Juliette came to the Branch from Fort Apache Agency in Arizona where she began her career with the Bureau of Indian Affairs serving as the Environmental Protection Specialist. After just a few months working in the position, the Wallow Wildfire ignited on May 29, 2011. That wildfire, Arizona’s largest in history, measured over 733 square miles and required all hands to assess. During the five-week event, the National Interagency Burned Area Emergency Response (BAER) Team absorbed Juliette’s knowledge, and in the process, introduced her to the Post Wildfire Recovery Program.
Wildfires can cause complex problems, from severe loss of vegetation and soil erosion, to a decrease in water quality and possible flash flooding. The Burned Area Emergency Response Program addresses stabilization and rehabilitation of these and other post wildfire problems in order to protect public safety, prevent further degradation of the landscape and to mitigate post-fire damages to cultural resources.
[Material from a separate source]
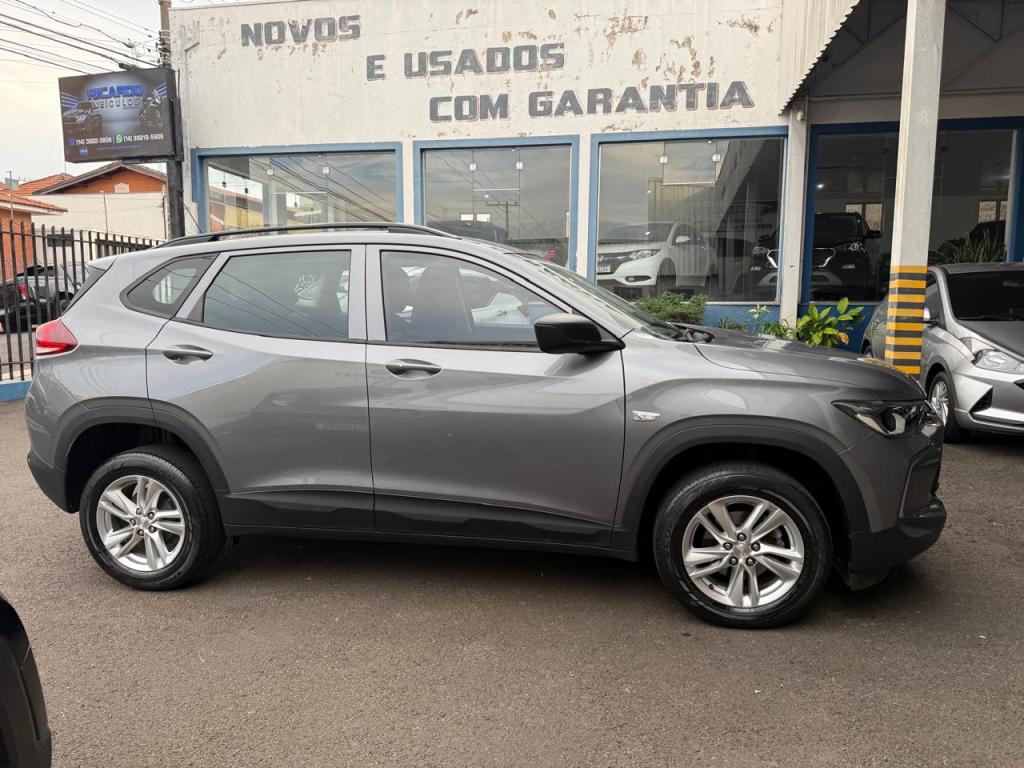 CHEVROLET Tracker - Foto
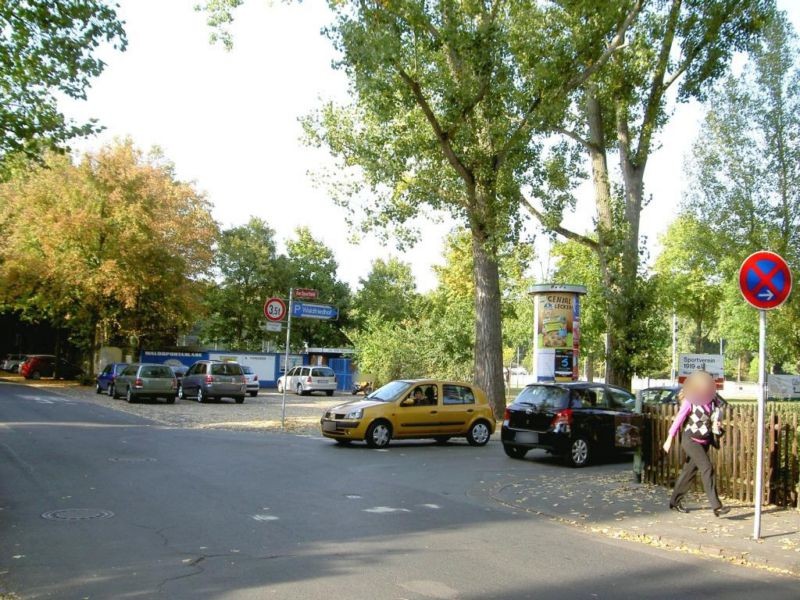 Kapellenstr. 37/Am Sportfeld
Since the Wallow Fire, Juliette has experienced numerous assignments across the country and served in various roles on Interagency BAER Teams including environmental compliance specialist, documentation and most recently as team leader. She has also guided implementation activities for emergency stabilization and rehabilitation projects at Fort Apache and assisted the fire management division with serving as an agency representative and as a resource advisor.
Prior to federal service, Juliette worked for Tribal environmental programs in Nevada and California. After graduation from college she was employed by the Reno-Sparks Indian Colony where she helped the Tribe establish its air quality monitoring program. From there she briefly served as Director of Development and Special Projects for the High Sierra Energy Foundation in Mammoth Lakes, California before committing herself full-time as a water quality specialist for the Bishop Paiute Tribe. She helped the Tribe attain Treatment as a State Status and assert their sovereignty through creation of their own water quality standards for their trust lands.
After several years in California, Juliette decided to further her dedication to serving Tribes and accepted the environmental protection specialist position with Fort Apache Agency.
Relocating to Fort Apache offered her a new experience in the Tribal environmental field and an opportunity to return to Arizona and be closer to home. She is very excited about her new position and looks forward to serving Indian Country on a national scale.
Juliette is Hopi from the village of Hotevilla and an alumni of Stanford University where she received a B.S. and M.S. in Earth Systems. She is mom to elementary school-age son and daughter who teach her discipline, humility and patience.